Mainstream media and shaping social opinions

Inspired by a question "What can we learn about social behaviour from recommender database ?" which arises from my previous note Recommender Systems and q-value Potts model I spent some time considering a following question:
The question:
how to control opinions in a social group by creation of an environment with whom the group can interact ?

Let us start to define the toy model.
In a given social group we have a set of opinions $K$ distributed among all group members. The group collaborates with external world through an interaction with some set of opinions stated in an external environment. We assume that the environment is too big to be manipulated by the social group, but the environment can modify somehow the distribution of opinions inside the group.
For a better transparency we consider 2 different opinions described as $A$ and $B$. Opinions $A$ and $B$ are defined as states "+1" and "-1" correspondingly.
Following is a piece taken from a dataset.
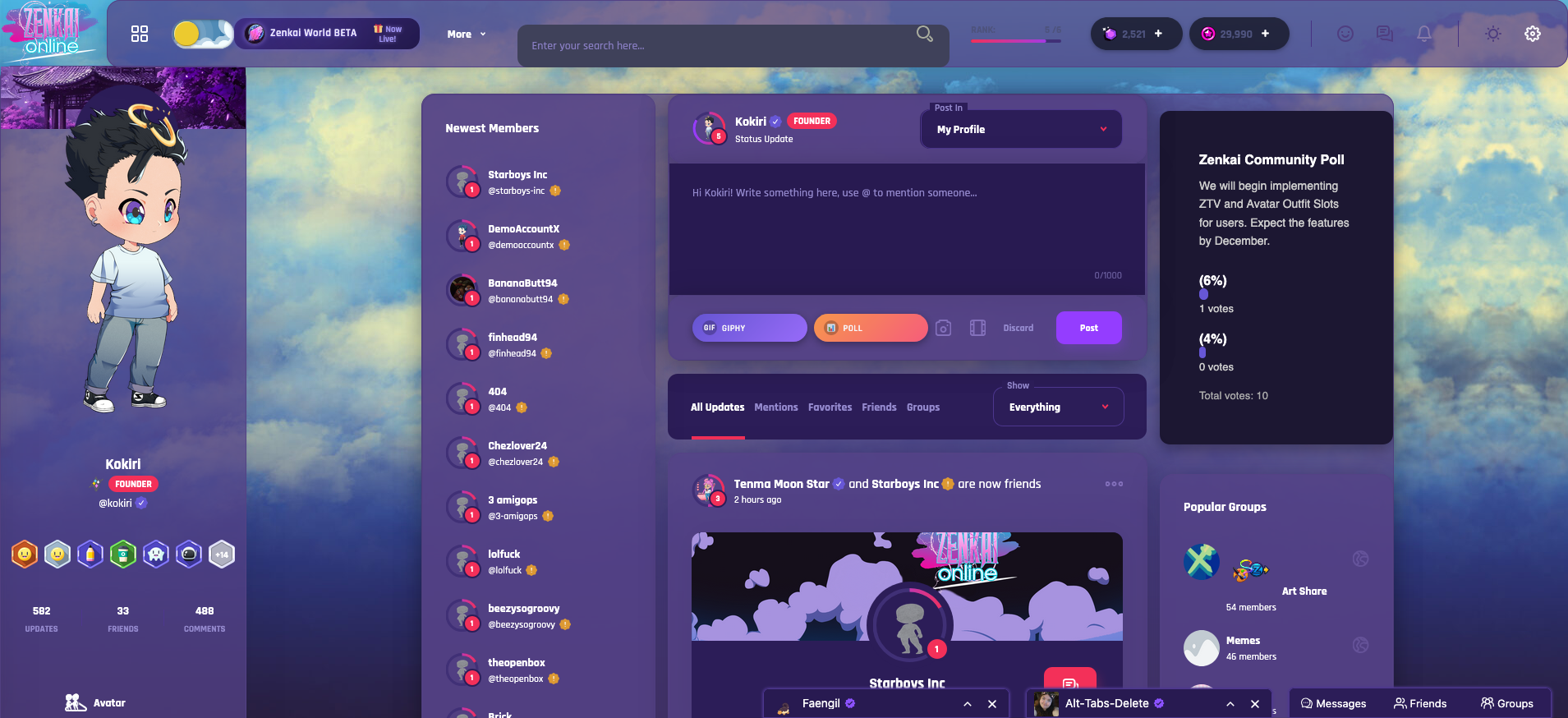Zenkai Online social dashboard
Members are distributed among two subgroups according to a shared opinion and interact with the same environment but with different strength: $\gamma_{A}$ and $\gamma_{B}$ respectively. The $\gamma_{A|B}$ coefficients correspond to the level of group members acceptance of noise created by the environment. Or, in other words, the coupling constants $\gamma_{A|B}$ are weights which characterize how much a given group relies on opinions supported by the environment. The level of believe in a group is proportional to the value of $\gamma_{i}$ couplings. The scheme is depicted in the picture 1.

fig. 1. The environmental $M$ levels are coupled to 2 separate systems $A$ and $B$ with a given coupling constants $\gamma_{A}$ and $\gamma_{B}$. For simplicity each group $A$ and $B$ has the same number of levels $N$.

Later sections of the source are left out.